First, type in the url: couchsurfing.org. This should take you to a page where you are given the option to sign up, or log-in. If you are a first time user, select the sign up option. Don’t be worried about entering your email address and phone number, these are only used to verify your identity for the safety of the other Couchsurfers. I have never received spam mail from the website, and your information is kept completely confidential. Once you have filled out the basic information, you will want to build a profile.
Like any other social media site, building the perfect profile is absolutely key to your success. It is your online persona, your avatar, and what will attract (or repel) potential friends from you. That being said, your Couchsurfer profile is different in one important way– it is created with the intention of eventually meeting these other individuals. Don’t spice up your life with false details or put up unrealistic pictures– be true to yourself and your personality, because this will dictate the sort of people you will meet. Upload a vibrant picture– it could be a clear headshot or a photograph of you traveling somewhere beautiful, or doing something you love. Make sure to avoid dark, pixilated photographs because these come off unbelievably creepy. Old man in the argyle sweater, I’m talking to you. If someone is opening their home to you or staying overnight in your home, they want to know what you look like. They want to see that your eyes are the eyes of someone that can be trusted. Another mistake to avoid is putting up a photograph of yourself surrounded by friends. It can be off-putting to view someone’s profile picture and be unsure which of the fifteen fairly small faces is them.

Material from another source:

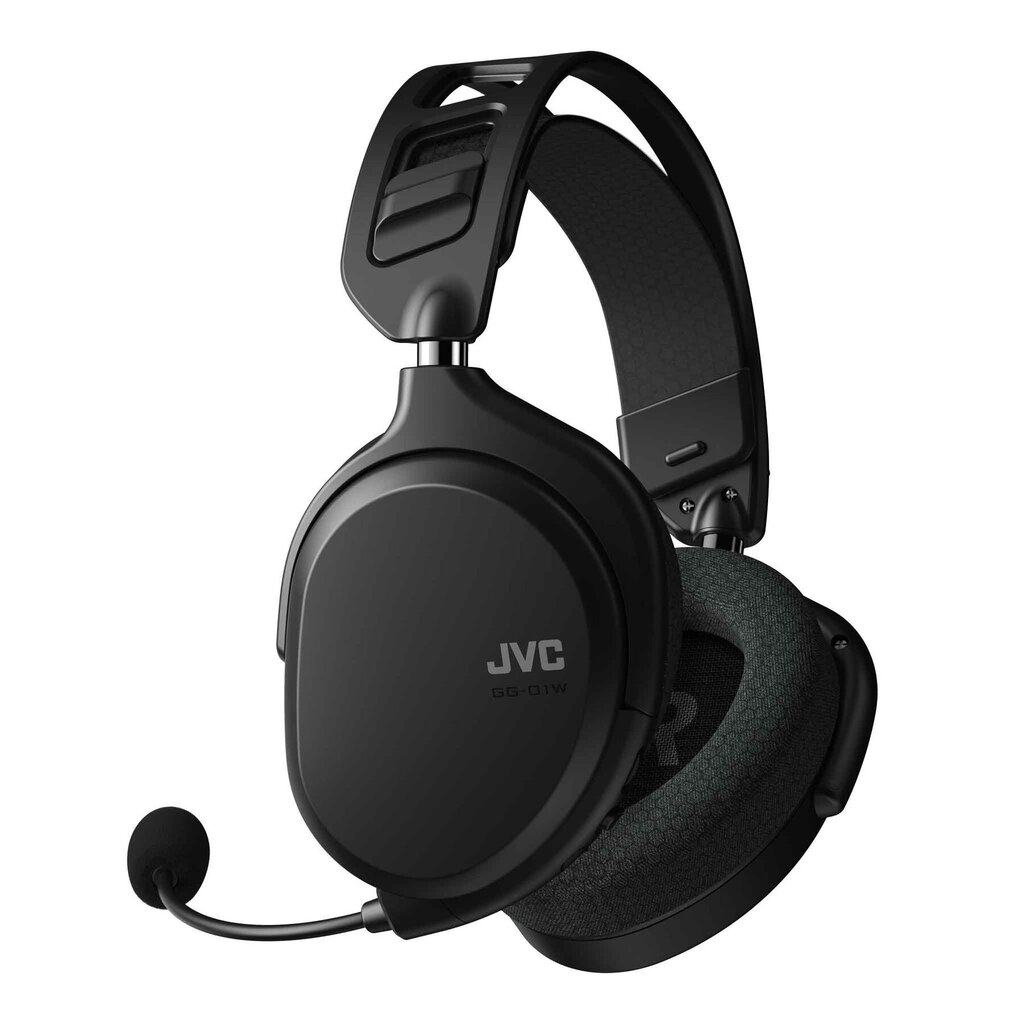 JVC GG-01WQ hinta ja tiedot | Kuulokkeet | hobbyhall.fi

Once you have uploaded a clear, friendly image of yourself, begin to fill in the details of your life. You’ll be asked about your interests, your personal philosophy, your favorites movies, books, and films, places you’ve traveled and –of course– your living situation. Don’t be afraid to elaborate. People will be much more comfortable staying in close quarters with someone who loves Braveheart, rock climbing, and dreams of learning to surf, than someone who likes “funny” movies and has a “great personality.” Remember that descriptive words are your friends, and the more relatable details you provide, the better!
Lastly, fill out your Couchsurfer hosting information. You’ll see a button with an orange couch on it, asking if you are willing to host Couchsurfers while you are not traveling. Think about it carefully before responding. Selecting “yes” is not an in-stone commitment, but you will more than likely begin receiving regular requests from Couchsurfers for a place to stay. Are you comfortable with other people in your house and around your belongings? Will you feel pleasant or awkward with the company of new friends in your private space? If you decide that you would like to host, select Yes, and proceed to fill out the specific information regarding your hosting situation. Are you okay with kids or pets staying in your home? Don’t be afraid to say no if you are not. After all, you are being kind enough to open up your home, and you are the one to make the rules.